Hydrogen Power Abu Dhabi (HPAD)
HPAD is a joint venture between Masdar City (60 per cent) and BP (40 per cent) to build the first commercial-scale hydrogen-fuelled power plant using fossil fuel feedstock and carbon capture and storage. This 400MW project will take natural gas from the grid and convert it to hydrogen and CO2. Once implemented, it will provide more than 5 per cent of Abu Dhabi’s current power generation mix.
A detailed list of the UAE’s renewable energy initiatives is listed here.
In addition, the UAE has decided to invest in various renewable energy projects domestically, in the MENA region and around the world.
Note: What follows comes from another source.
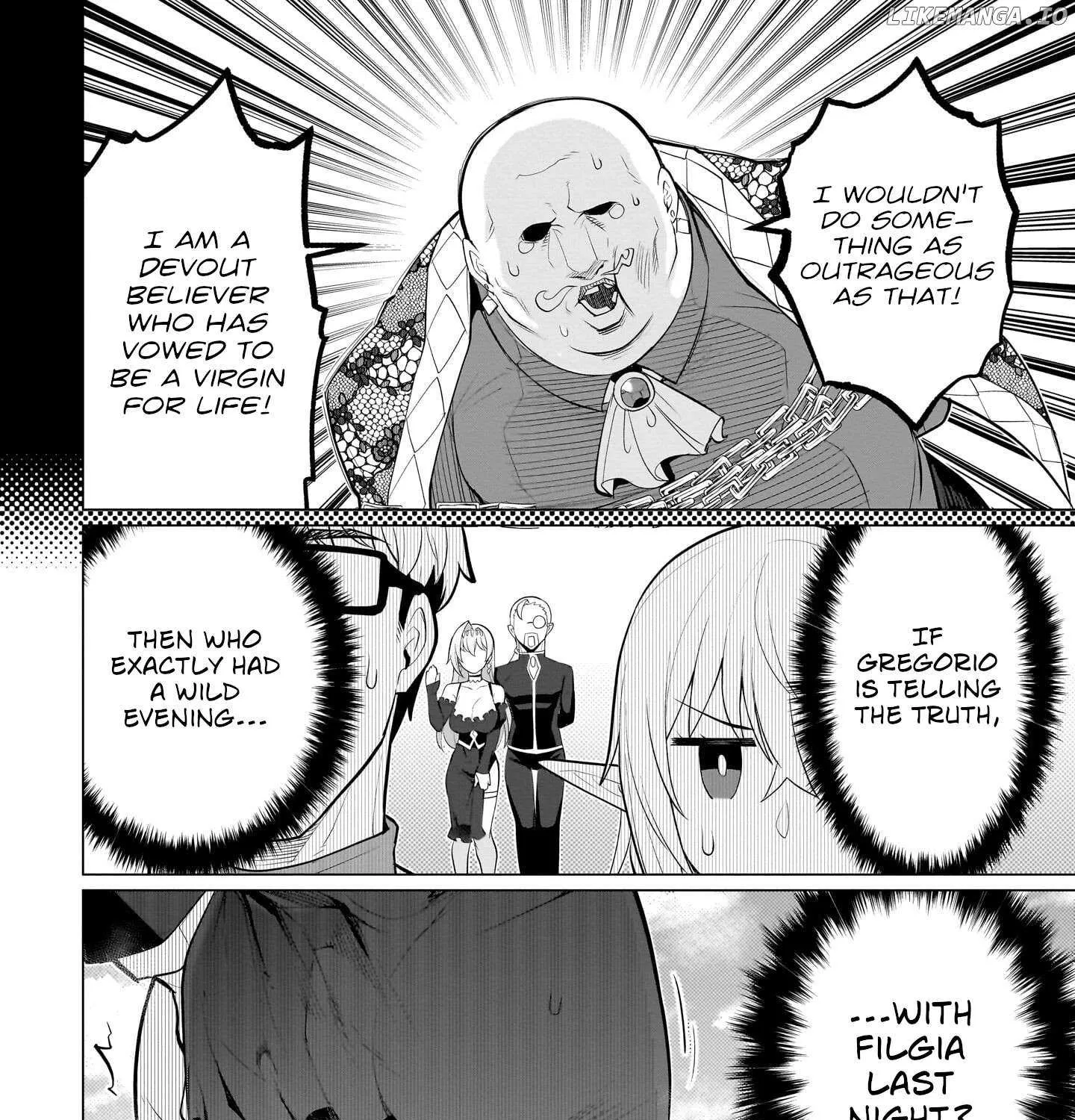 Read Dark Summoner to Dekiteiru chapter 33 image 26 on Lezhin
The UAE is also providing funding for renewable energy projects to the IRENA.
Energy Sector Structure and Organization
The electricity sector is organized differently in each of the seven Emirates and consists of local authorities/regulators, government-owned companies, private sector stakeholders and semi-private entities. However, both the water and electricity supply chain consists of overarching regulatory authorities. The four largest utility authorities are as follows:
All four utilities are connected and known collectively as the Emirates National Grid (ENG). In practical terms, ADWEA has signed agreements with DEWA, SEWA and FEWA to export power from Abu Dhabi to the other emirates. The ENG is also connected to the other GCC countries through a regional agreement system.
The electricity sector in Abu Dhabi was unbundled in 1999 with the creation of ADWEA and the Abu Dhabi Transmission and Dispatch Company (TRANSCO) ; the Abu Dhabi Distribution Company and al-Ain Distribution Company. The companies are all 100 per cent government owned. However, the UAE has also adopted a public-private approach by entering into joint ventures between ADWEA and foreign investors such as independent water and power producers (IWPPs) and generation and desalination systems (GDs). Ownership is divided 60-40 between the two stakeholders and power will be sold to ADWEA through power purchase agreements for 20 years. ADWEA and each of the project’s companies are regulated by the Regulation and Supervision Bureau (RSB).